The presenter smiled at his embittered old friend. - I would like you to remember this conference some 30 years ago. I talked about SQL then and you criticized my talk with the same words as today. I ask you, can SQL work?

The question is not whether it can or cannot work. It is always about you. Do you want it to work?

Too deep in my comfort zone

London Symphony Orchestra released Mahler's Sixth symphony recently. I have to listen to it again and again. This neurotic and scary recording makes me uncomfortable. It is different from the recordings I know. Gergiev's reading of the symphony is wonderfully tempting.

I feel very good in my comfort zone. I listen to CDs I know, I read blogs I've been reading for years, I buy books written by authors I've read before, I eat meals - you get the point, I guess. It makes my life organized and tidy.

And boring. The bell in my head is ringing: Try something new!

Ok, Japanese fish soup with a complete fish head, Gergiev's Mahler, blog in English. It makes me uncomfortable and I like it.

What a surprise.

On the need for on-demand business intelligence tools

On-demand BI, let's imagine it! - a friend of mine was excited. - It can be here in a few years!

Well, - I opposed, - it's already here for several years, but the huge companies haven't noticed it yet.

In a huge company like a bank, time is flowing differently. What can be done in hours, it takes weeks there, and nobody is concerned, nobody notices.

A new report? Ok, if you have such an idea, you go to business people, they discuss its business case and prepare its business design. Then it's IT move. The business design is not easy to implement, one has to change this and that, that attribute is not in the data warehouse yet and maybe you need a completely new datamart...

And there you are: Your new report is ready to be used in three or six months.
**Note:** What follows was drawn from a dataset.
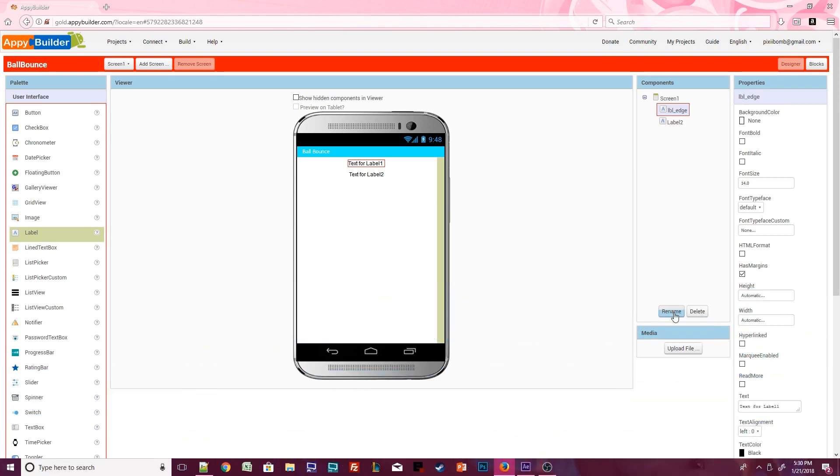In the properties window, change the text for this label to display edge hit. Feel free to make as many visual changes as you want to this label. You can change the color of the label or change the size of the label's text.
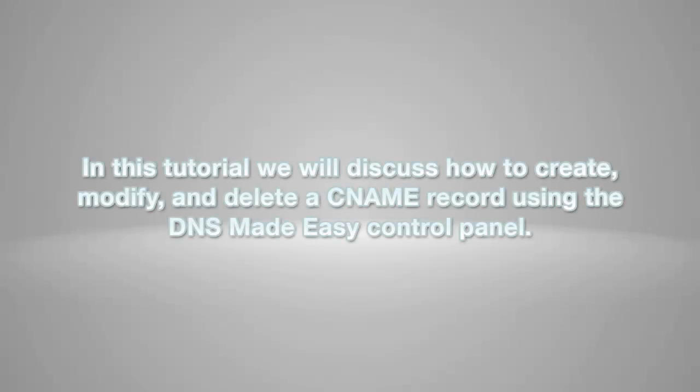In this tutorial, we will discuss how to create, modify, and delete a CNAME record using the DNS Made Easy control panel.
At that time you realize it's not exactly what you need.

Can you be happy with it? Many people in the big companies are, and they are convinced it's the only way how it can work.
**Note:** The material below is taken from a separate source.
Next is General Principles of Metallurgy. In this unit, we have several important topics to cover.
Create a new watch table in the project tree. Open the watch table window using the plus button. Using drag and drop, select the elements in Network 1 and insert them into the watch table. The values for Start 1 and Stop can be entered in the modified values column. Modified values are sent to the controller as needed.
It is not. Time is running fast elsewhere.

Changing my job, starting a new blog

I am not new in blogging. I started to blog in summer 2003. I just moved to Switzerland at that time and I was there alone, without my friends, without my family, without my girlfriend, without my cat. So I started to blog to be in touch with them, the cat included.

By now, I have ten blogs plus five others that are dead. None of them is in English. However, I'm changing my job, and that's a great opportunity to start blogging in English.